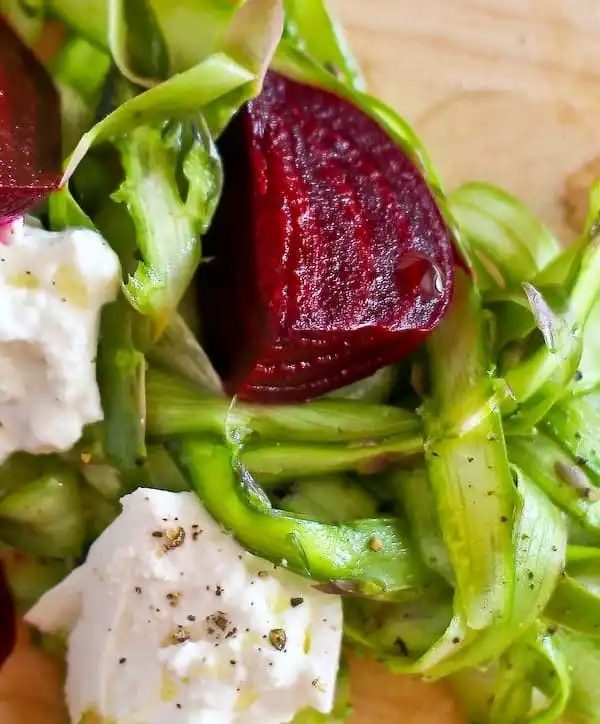 closeup of roasted beet, asparagus ribbons, and burrata.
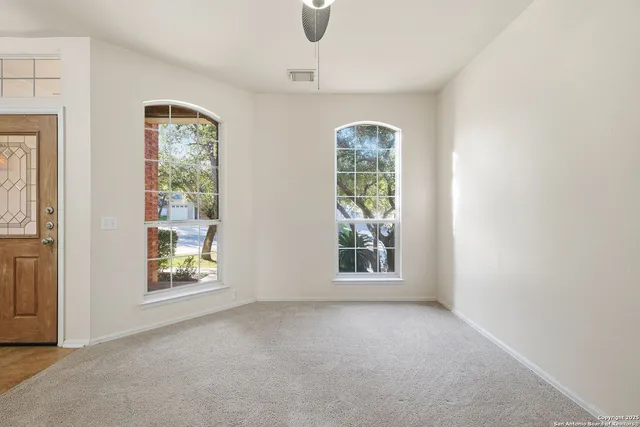 an empty room with windows and closet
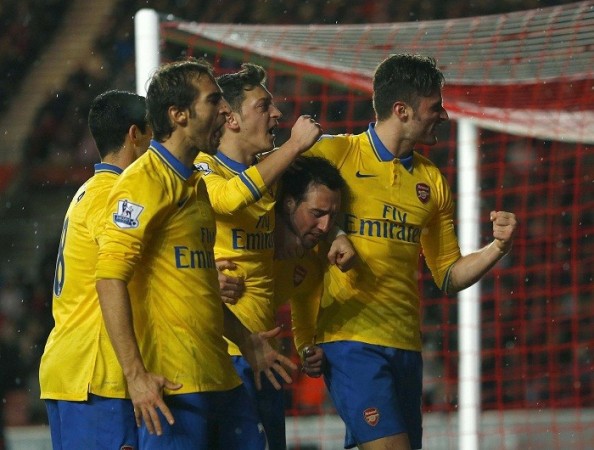 Arsenal players celebrate after scoring against Southampton in the English Premier League, 28 January. Reuters Arsenal Cazorla Ozil Flamini Giroud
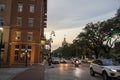 The golden dome of Savannah City Hall with cars driving on the street and people walking on the sidewalk Royalty Free Stock Photo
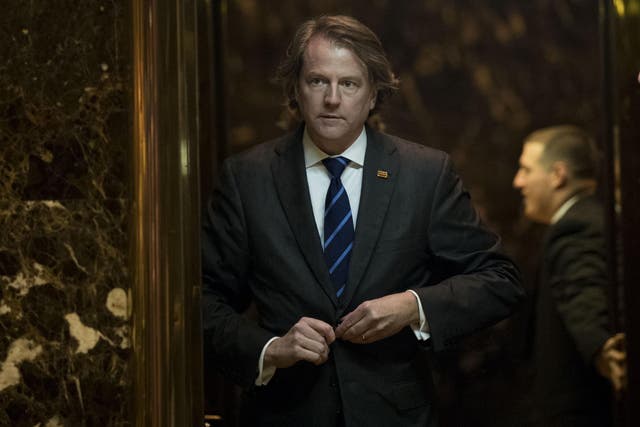Mr McGahn is pictured here leaving the White House during the presidential transition period in 2016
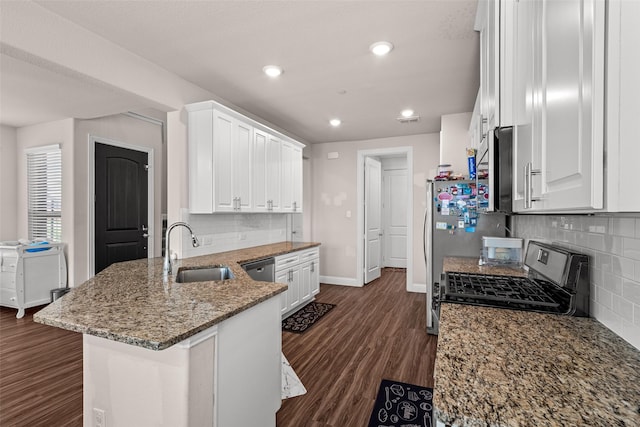 3657 Harebell Dr, Carrollton, TX 75007 - kitchen with a sink, appliances with stainless steel finishes, white cabinetry, backsplash, and a peninsula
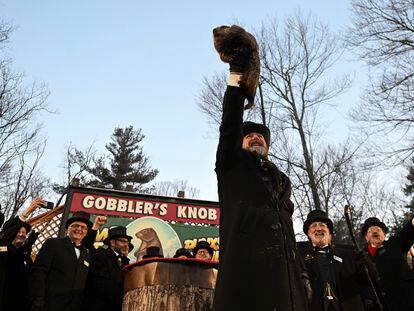 Groundhog Club handler A.J. Dereume holds Punxsutawney Phil, the weather prognosticating groundhog, during the 137th celebration of Groundhog Day on Gobbler's Knob in Punxsutawney, Pa., Thursday, Feb. 2, 2023.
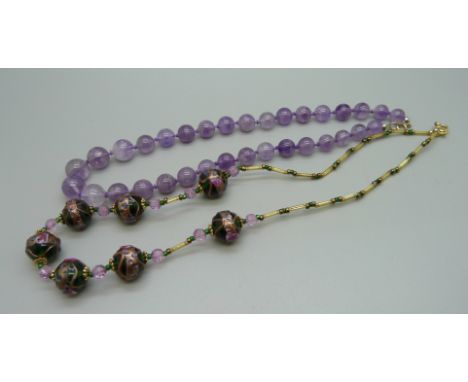 An amethyst bead necklace and a Murano 'Wedding Cake' bead necklace 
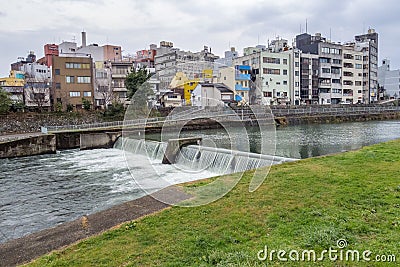 Weir on Saigawa River, Kanazawa, Japan Stock Photo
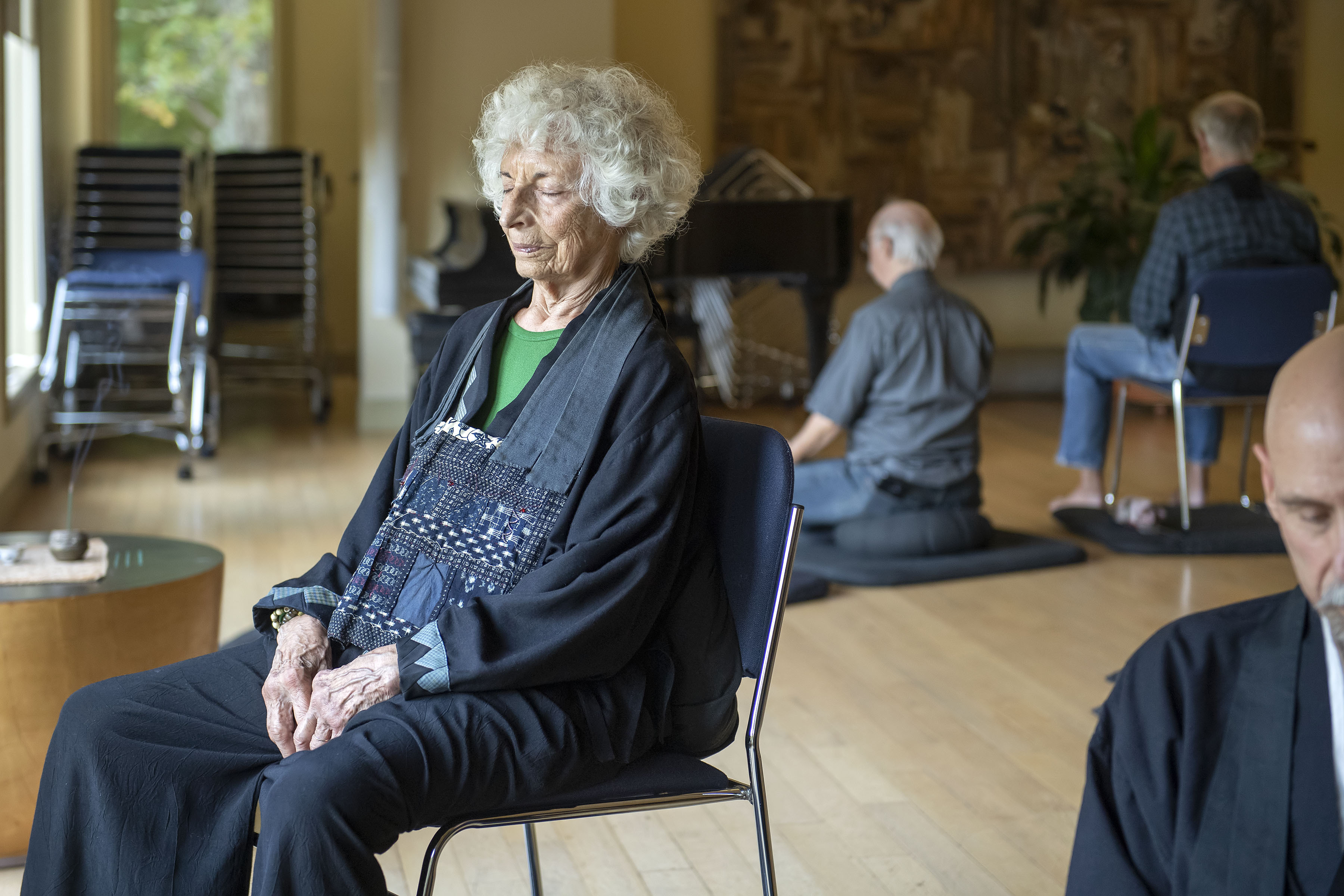 Ninety-year-old Dorothy Friedman meditates during an Ocean Zendo Meditation at the Unitarian Universalist Meeting House in Bridgehampton on Monday, October 14.  MICHAEL HELLER
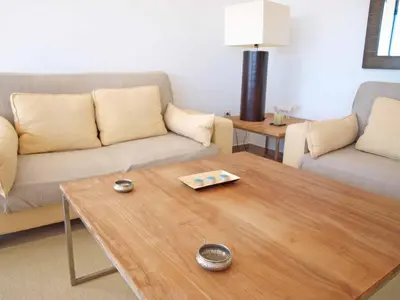 a living room with a coffee table and a couch at ApartUP Patacona Panoramic in Valencia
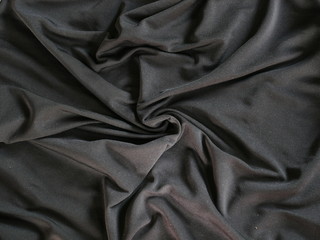 Fototapeta premium Black silk fabric texture background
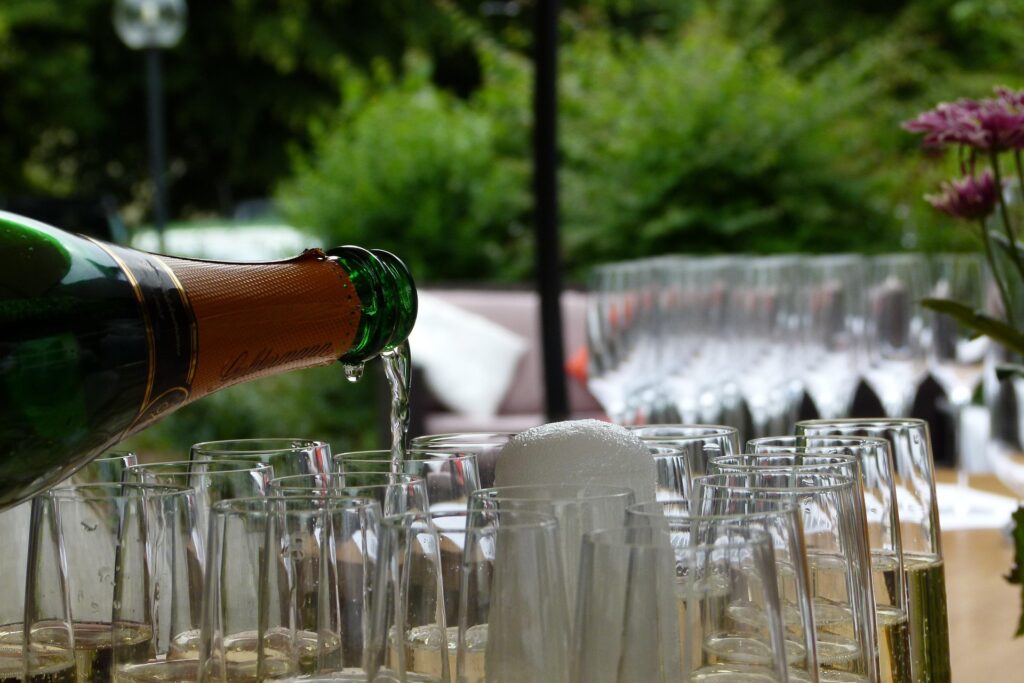 Servido de vino espumoso efervescente desde una botella verde en una fila de copas de flauta al aire libre, perfecto para ilustrar un brindis grupal con Cava o Corpinnat.
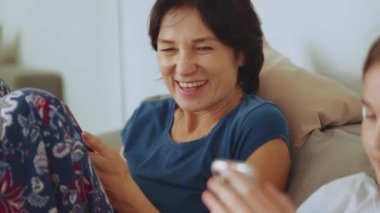 Gülümseyen anne evde kızının telefonuna bakıyor.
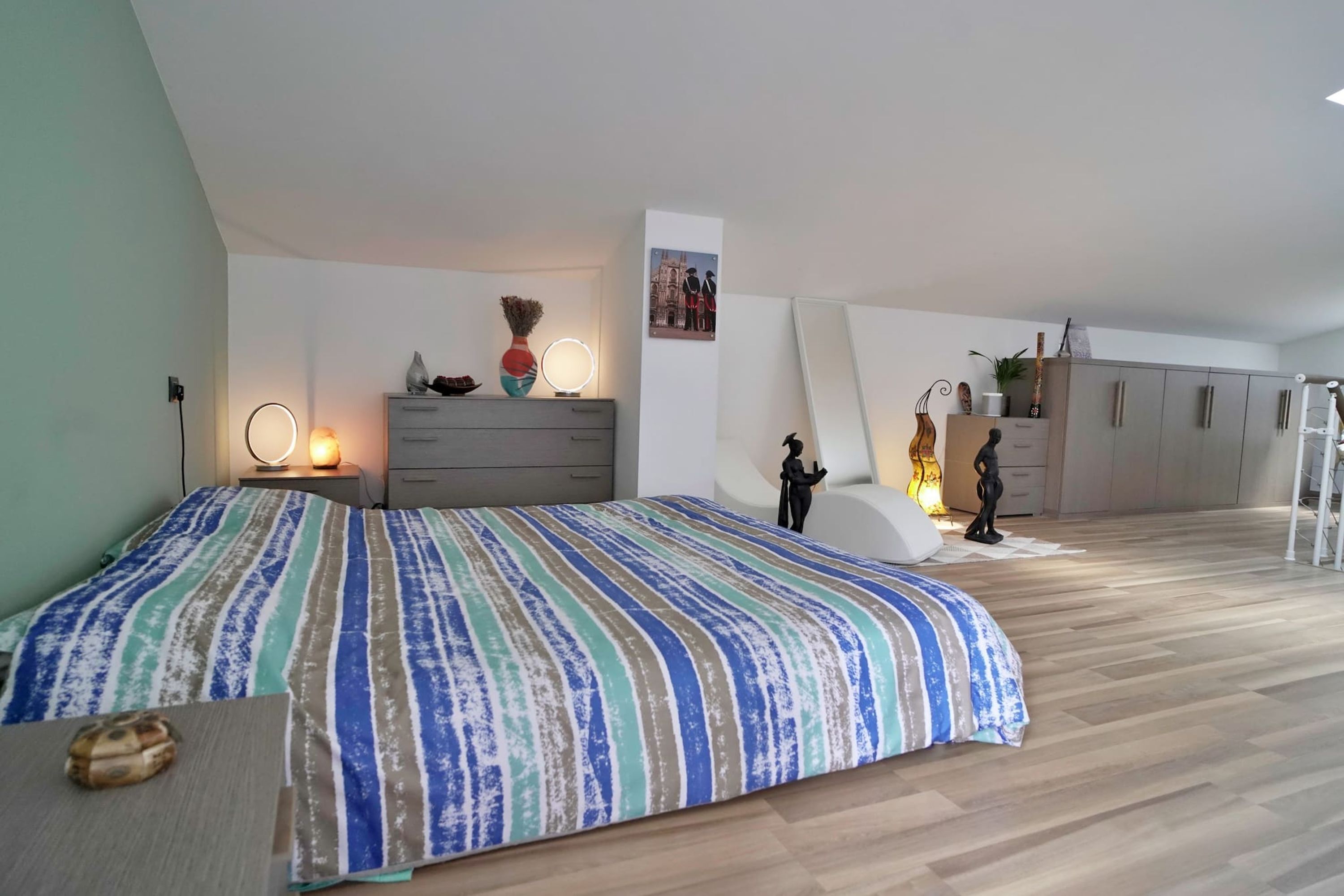 Una camera da letto con un letto grande, una cassettiera, una toeletta con specchio e un armadio.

**WORK INSTRUCTION**
Provide a precise transcription of the listing, excluding each picture.

**FINISHED EXERCISE**
 closeup of roasted beet, asparagus ribbons, and burrata.
 an empty room with windows and closet
 Arsenal players celebrate after scoring against Southampton in the English Premier League, 28 January. Reuters Arsenal Cazorla Ozil Flamini Giroud
 The golden dome of Savannah City Hall with cars driving on the street and people walking on the sidewalk Royalty Free Stock Photo
Mr McGahn is pictured here leaving the White House during the presidential transition period in 2016
 3657 Harebell Dr, Carrollton, TX 75007 - kitchen with a sink, appliances with stainless steel finishes, white cabinetry, backsplash, and a peninsula
 Groundhog Club handler A.J. Dereume holds Punxsutawney Phil, the weather prognosticating groundhog, during the 137th celebration of Groundhog Day on Gobbler's Knob in Punxsutawney, Pa., Thursday, Feb. 2, 2023.
 An amethyst bead necklace and a Murano 'Wedding Cake' bead necklace 
 Weir on Saigawa River, Kanazawa, Japan Stock Photo
 Ninety-year-old Dorothy Friedman meditates during an Ocean Zendo Meditation at the Unitarian Universalist Meeting House in Bridgehampton on Monday, October 14.  MICHAEL HELLER
 a living room with a coffee table and a couch at ApartUP Patacona Panoramic in Valencia
 Fototapeta premium Black silk fabric texture background
 Servido de vino espumoso efervescente desde una botella verde en una fila de copas de flauta al aire libre, perfecto para ilustrar un brindis grupal con Cava o Corpinnat.
 Gülümseyen anne evde kızının telefonuna bakıyor.
 Una camera da letto con un letto grande, una cassettiera, una toeletta con specchio e un armadio.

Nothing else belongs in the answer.